From the Guidelines
The next step for this 25-year-old woman with a 3 cm fibroadenoma would be to proceed with surgical excision of the mass, as the patient is anxious about the lump and has specifically requested removal, and the fibroadenoma has already been confirmed by ultrasound 1.
Key Considerations
- The patient's anxiety and request for removal are important factors in the decision-making process.
- The size of the fibroadenoma (3 cm) and the patient's age (25 years) are also relevant considerations.
- According to the NCCN guidelines, surgical excision is recommended for benign masses that are not concordant with imaging findings or for lesions that increase in size 1.
Procedure and Recovery
- The procedure would typically be performed as an outpatient surgery under local anesthesia with sedation or general anesthesia depending on patient preference and surgeon recommendation.
- The surgeon would make a small incision (often along natural skin lines for better cosmetic results), remove the fibroadenoma completely, and close the wound with absorbable sutures.
- Recovery is usually quick, with most patients returning to normal activities within a few days, though strenuous exercise should be avoided for 1-2 weeks.
Follow-up and Counseling
- After excision, the specimen would be sent for pathological examination to confirm the diagnosis, though no further treatment would typically be needed once the benign nature is confirmed.
- The patient should be counseled that while fibroadenomas are not cancerous and don't increase breast cancer risk significantly, new lumps should always be evaluated promptly 1.
Alternative Options
- Observation with regular follow-up would also be a reasonable option for fibroadenomas, but patient preference is an important consideration in management decisions 1.
- However, given the patient's anxiety and request for removal, surgical excision is the most appropriate course of action.
From the Research
Next Steps for a 25-Year-Old Woman with a 3 cm Fibroadenoma
- The patient has a confirmed fibroadenoma of 3 cm, which is larger than the typical size threshold for consideration of excision in some guidelines 2.

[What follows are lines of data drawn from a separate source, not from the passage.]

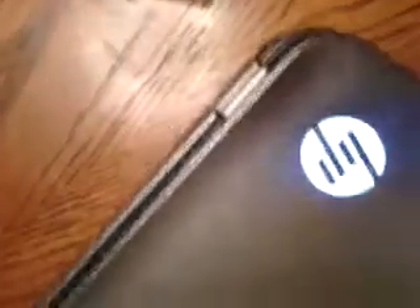Everybody knows it has Beats Audio. This laptop is kind of fantastic with bass and everything — I like that about it. This right here is the HP sign and it lights up. It turns off when the laptop is closing. It's a brushed metal finish — well, it's not brushed metal, but I think it's metal. It doesn't feel like plastic.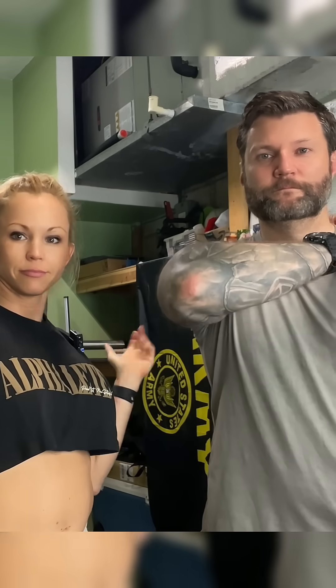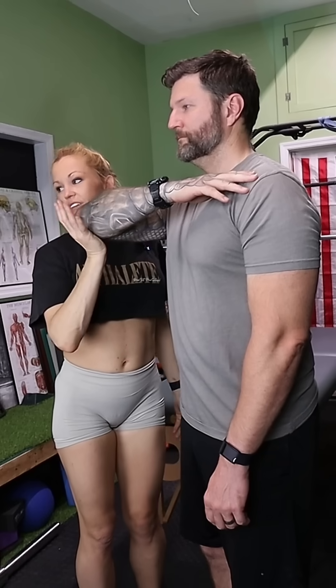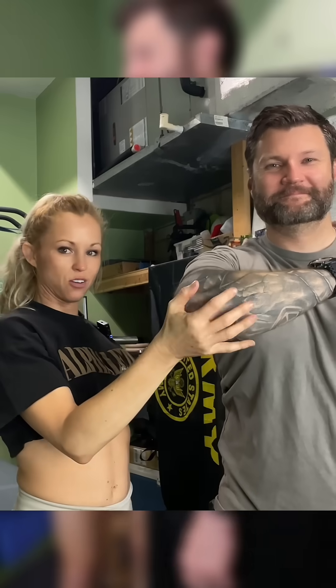The patient can actually get into the test position on their own. Go ahead and put your hand on your opposite shoulder. Same thing we just did, but now I'm going to passively elevate his elbow towards his forehead — and that is the Yoakum test.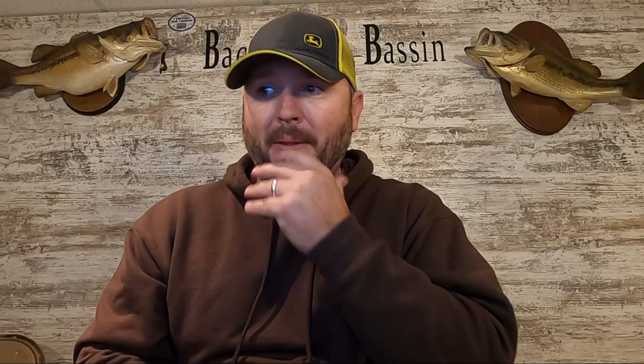First off, we got some Mustad. These are two odd hooks — the EWG hooks. These are great hooks. They're a very, very light wire hook. They do sell a heavy wire, but these light wire hooks work absolutely wonderful for like a trick worm or the four-inch Senkos. No problems with these — they're great hooks. Looks like they went for $3.49 a pack, so it's not a bad deal.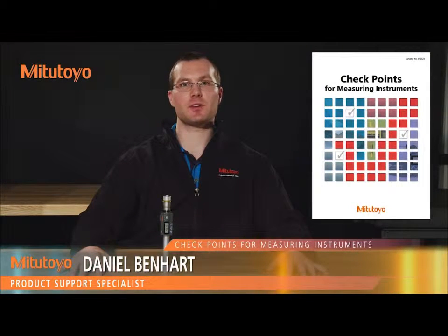I'm Dan Benhart, product support specialist with Mitutoyo America Corporation. In this episode, we'll be talking about the basic use and maintenance of our Digimatic hole tests.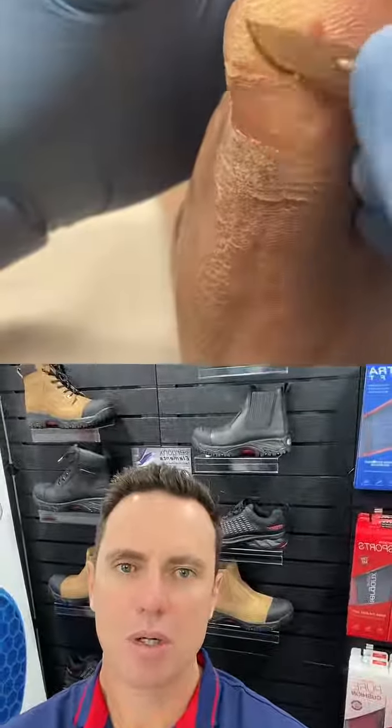It can actually bleed and become infected. Particularly if you're in an immunocompromised group like a diabetic, that can lead to infection and amputation. So we do this mostly in diabetics or people that are immunocompromised.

- However, studies suggest that excision based solely on size is not warranted in clinically and radiologically concordant cases with a diagnosis of fibroadenoma on core needle biopsy (CNB) 3.
- The patient's anxiety and request for excision should be considered, but it's essential to weigh the risks and benefits of surgical excision.
- According to some studies, excision is typically recommended for cellular fibroepithelial lesions or those lesions with clinical, radiologic, or pathologic features concerning for phyllodes tumor (PT) 3, 4.
- In this case, since the patient is 25 years old and the lesion is 3 cm, with no other concerning features mentioned, the next step could be:
- Core needle biopsy (CNB) if not already performed, to confirm the diagnosis and rule out any atypical features or phyllodes tumor 5.
- If the CNB confirms a fibroadenoma with no atypical features, and the patient still requests excision, surgical excision could be considered, taking into account the patient's anxiety and preferences 6.
- Alternatively, regular follow-up with clinical examination and imaging could be recommended to monitor the lesion's size and characteristics, with excision considered if there are any changes or concerns 4.
Considerations for Excision
- Excision is generally recommended for lesions with suspicious features, rapid growth, or patient request 2, 4.
- However, studies have shown that enlarging biopsy-proven fibroadenomas are not associated with malignancy, and surgical excision may not be necessary in these cases 6.
- The decision to excise should be based on a combination of radiological, clinical, and pathological features, as well as patient preferences and anxiety levels 4.